Records for this exercise:
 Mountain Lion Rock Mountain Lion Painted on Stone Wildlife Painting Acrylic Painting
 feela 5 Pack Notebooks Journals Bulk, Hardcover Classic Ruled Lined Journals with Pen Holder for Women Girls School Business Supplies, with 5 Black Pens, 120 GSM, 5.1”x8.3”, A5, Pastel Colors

---

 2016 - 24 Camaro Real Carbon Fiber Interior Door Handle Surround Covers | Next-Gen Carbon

What you have to do:
From the records above, copy out the line with "Mountain Lion Rock", the line with "feela 5 Pack", and every line between them, word for word.

Your response:
 Mountain Lion Rock Mountain Lion Painted on Stone Wildlife Painting Acrylic Painting
 feela 5 Pack Notebooks Journals Bulk, Hardcover Classic Ruled Lined Journals with Pen Holder for Women Girls School Business Supplies, with 5 Black Pens, 120 GSM, 5.1”x8.3”, A5, Pastel Colors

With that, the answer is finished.